-- MATERIAL SUPPLIED follows --
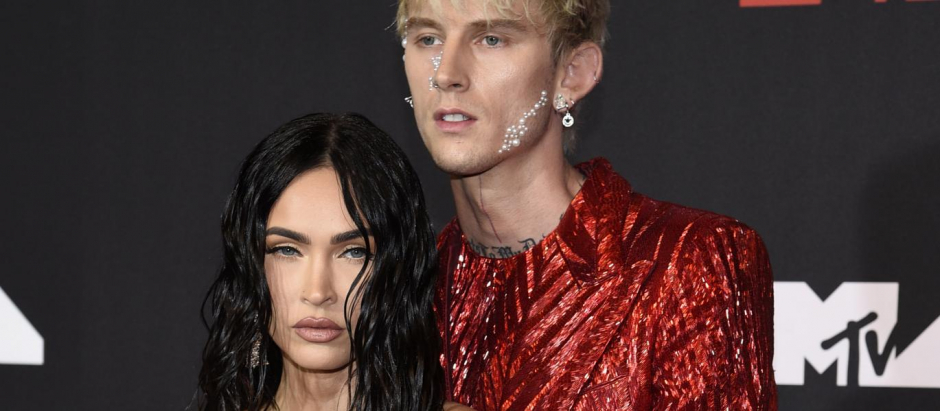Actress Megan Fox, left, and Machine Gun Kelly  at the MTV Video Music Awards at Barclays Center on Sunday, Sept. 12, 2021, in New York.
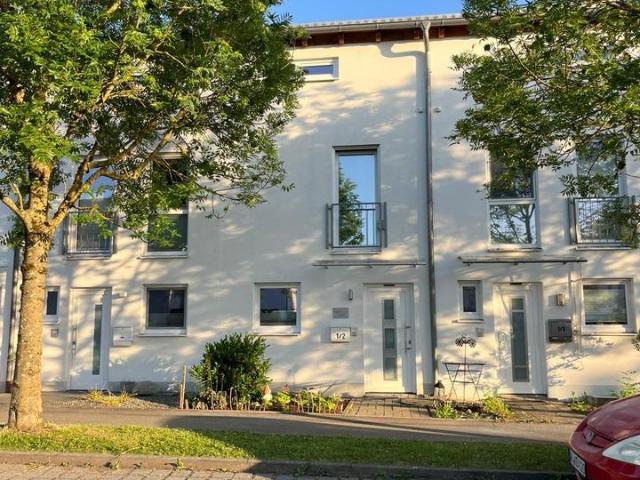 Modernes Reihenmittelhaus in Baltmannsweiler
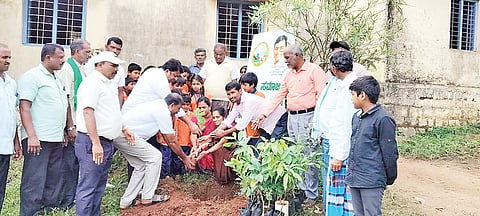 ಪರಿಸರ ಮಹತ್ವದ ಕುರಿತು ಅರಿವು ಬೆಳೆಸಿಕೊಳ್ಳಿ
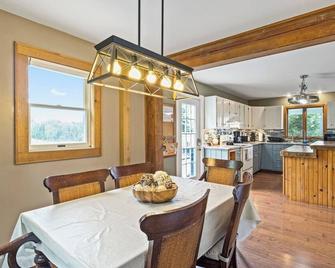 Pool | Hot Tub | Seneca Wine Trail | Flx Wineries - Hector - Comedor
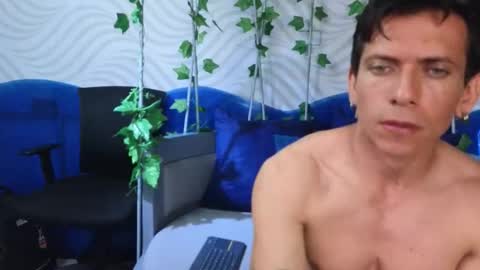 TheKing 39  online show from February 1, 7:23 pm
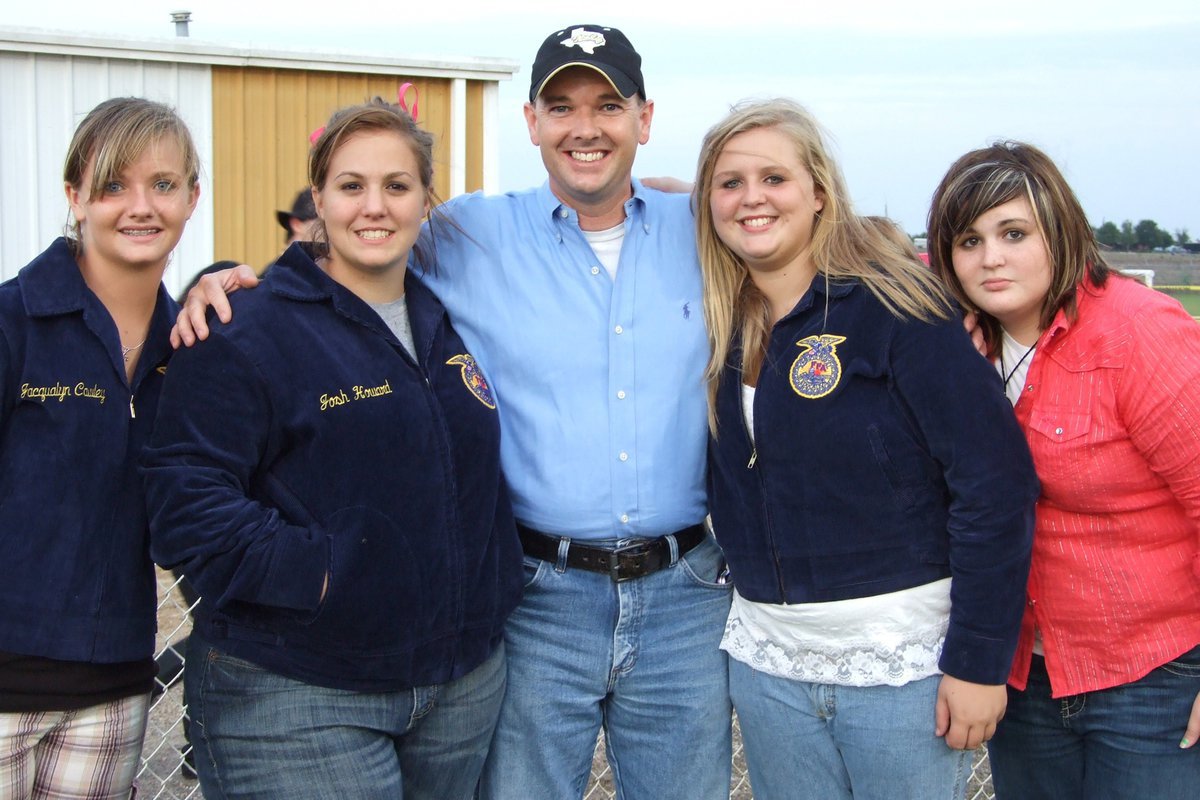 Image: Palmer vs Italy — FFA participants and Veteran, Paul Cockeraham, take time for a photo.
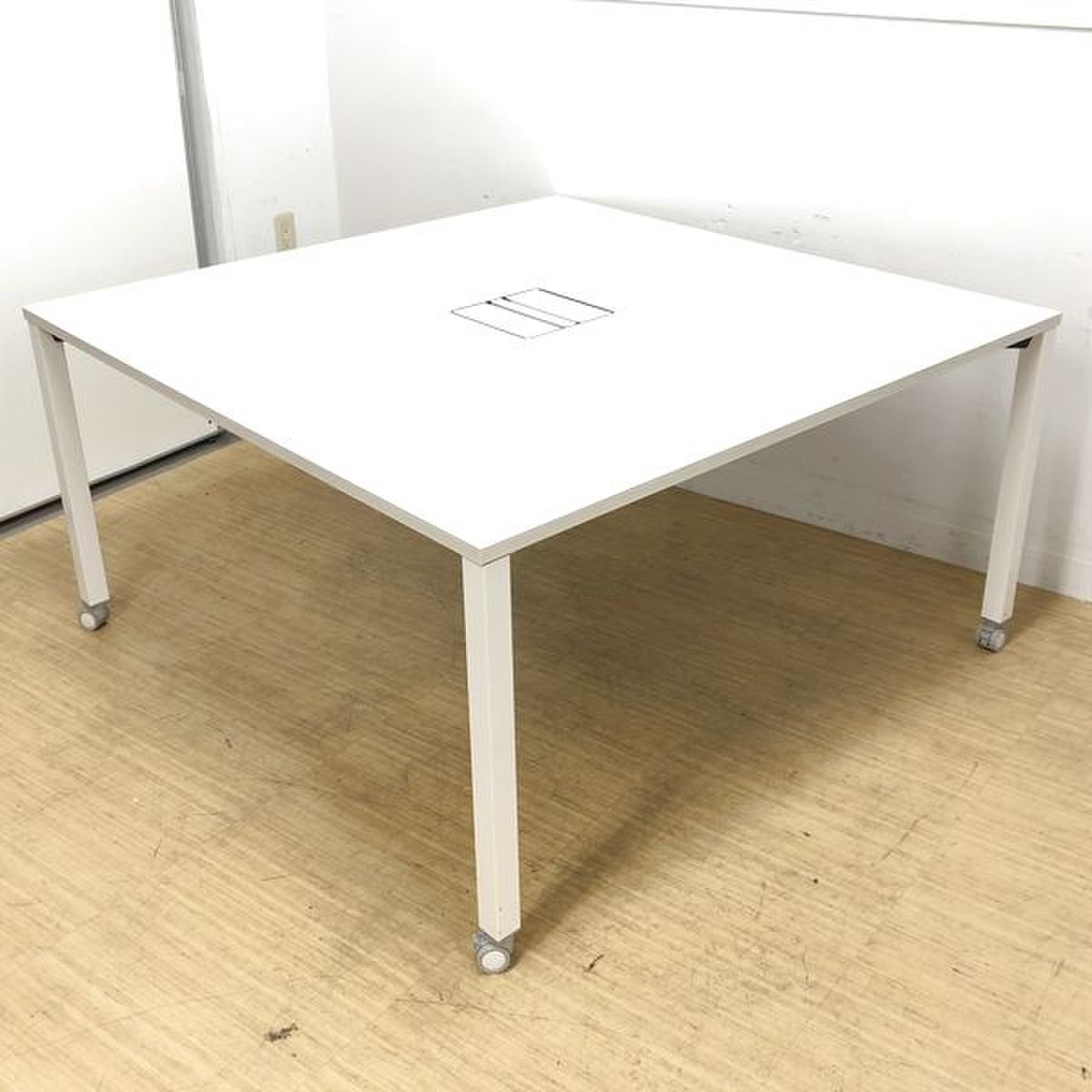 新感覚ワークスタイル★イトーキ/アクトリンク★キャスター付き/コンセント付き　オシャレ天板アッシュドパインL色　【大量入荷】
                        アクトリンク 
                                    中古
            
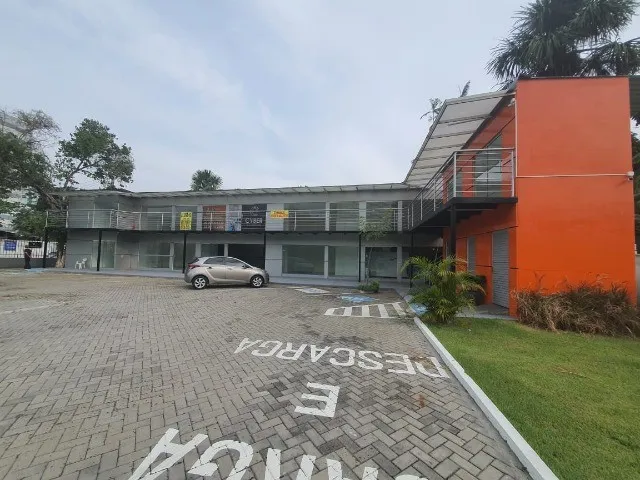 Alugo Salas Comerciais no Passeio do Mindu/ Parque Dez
-- MATERIAL SUPPLIED concluded --
## TASK INSTRUCTIONS
If a record holds a picture, leave the picture out and print everything else exactly.

## ANSWER SPACE
Actress Megan Fox, left, and Machine Gun Kelly  at the MTV Video Music Awards at Barclays Center on Sunday, Sept. 12, 2021, in New York.
 Modernes Reihenmittelhaus in Baltmannsweiler
 ಪರಿಸರ ಮಹತ್ವದ ಕುರಿತು ಅರಿವು ಬೆಳೆಸಿಕೊಳ್ಳಿ
 Pool | Hot Tub | Seneca Wine Trail | Flx Wineries - Hector - Comedor
 TheKing 39  online show from February 1, 7:23 pm
 Image: Palmer vs Italy — FFA participants and Veteran, Paul Cockeraham, take time for a photo.
 新感覚ワークスタイル★イトーキ/アクトリンク★キャスター付き/コンセント付き　オシャレ天板アッシュドパインL色　【大量入荷】
                        アクトリンク 
                                    中古
            
 Alugo Salas Comerciais no Passeio do Mindu/ Parque Dez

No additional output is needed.